Речь идет, конечно, не о «физических» лицах, многие из которых по сей день живут и процветают, а о появлении и исчезновении бандитов как класса, то есть как социальной группы и общественного явления, как социального института и явления культуры. И хотя объектом данного исследования являются прямо или косвенно знакомые каждому читателю так называемые бандитские, силовые или охранные структуры, иными словами, «крыши» и те, кто их обеспечивал, социологическое определение предмета будет иным. С социологической точки зрения нас интересуют общественные отношения, связанные с использованием силы в целях получения дохода, а также практика, нормы и институциональные функции организаций, созданных для повышения эффективности коммерческого использования силы. Все эти аспекты мы объединили в понятие «силового предпринимательства», которое и является основным предметом исследования.

В отличие от криминологии, рассматривающей данное явление как поведение, нарушающее рамки закона и, следовательно, определяемое как преступное, эта книга исходит из социологического видения, в соответствии с которым силовое предпринимательство рассматривается и как определенный тип действия, и как важнейшая составляющая социально-экономической структуры раннего капитализма в России в 1988-2001 гг. Используя термины «силовое предпринимательство» и «силовая структура» как широкие аналитические категории, мы также будем употреблять и принятые в обыденном языке термины, обозначающие различные эмпирические объекты: «преступная группировка», «бандит(ы)», «охранное предприятие», «крыша» и т. п., несмотря на то, что они могут привносить нежелательные для социологического исследования предрассудки, моральные или правовые определения.

Цель этой книги - дать ответы на следующие вопросы. Каковы социально-экономические обстоятельства, вызвавшие быстрое образование организованных преступных группировок и других частных силовых структур? В чем состояла их деятельность? Какова была их роль в становлении нового социально-экономического порядка? Каков характер эволюции частных силовых структур и как их эволюция связана со становлением экономического рынка и формированием государства в России?

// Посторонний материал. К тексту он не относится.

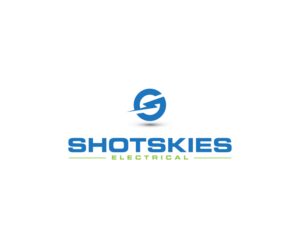 Logo Design by dianagargaritza for Shotskies electrical | Design: #10204509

Источниками первичной информации для данного исследования послужили 26 глубинных интервью с представителями различных силовых структур, предпринимателями и экспертами, проведенные в Санкт-Петербурге, Москве и Екатеринбурге, неофициальные материалы и данные, полученные правоохранительными органами, материалы журналистских расследований и публикации прессы, а также собственные наблюдения автора. Ссылки на интервью представлены цифрами, соответствующими номерам респондентов, данные о которых приведены в конце книги [См. Приложение 1 в конце текста].

Криминальная мобилизация

Согласно официальной статистике, рост преступности в России был особенно быстрым с 1989 по 1992 гг., когда количество преступлений почти всех категорий увеличивалось на 20-25% в год2. Хотя и с меньшими темпами, рост преступности продолжался до 1996 г., после чего правоохранительные органы зафиксировали незначительный спад. Среди других видов преступности вымогательство выделялось наибольшим абсолютным приростом. Как утверждает в своем исследовании Владимир Сафонов, «до

1988 г. вымогательство не считалось распространенным типом преступления. В некоторых регионах (Алтай, Вологда, Курск и других) оно не встречалось вовсе. В

1989 г. количество случаев вымогательства в большинстве российских регионов увеличилось в три раза» . Если в 1986 г. правоохранительными органами было зарегистрировано 1 122 случая вымогательства, то в 1989 г. этот показатель вырос до 4 621. Затем, начиная с 1990 г., темпы роста вымогательства составляли 15-30% ежегодно и достигли своего пика в 17 169 случаев в 1996 г., что в 15,3 раза выше, чем в 1986 г.4 Эти показатели хорошо отражают общую тенденцию, но не дают адекватного представления об истинных масштабах рассматриваемого явления, которое было гораздо шире того, что попало в официальную статистику. Согласно экспертным оценкам, только каждый четвертый потерпевший обращался в органы внутренних дел; милиция реагировала не более чем в 80% случаев; обвинения предъявлялись лишь каждому шестому вымогателю; срок, к тому же довольно мягкий (не более трех лет), отбывал лишь каждый одиннадцатый5.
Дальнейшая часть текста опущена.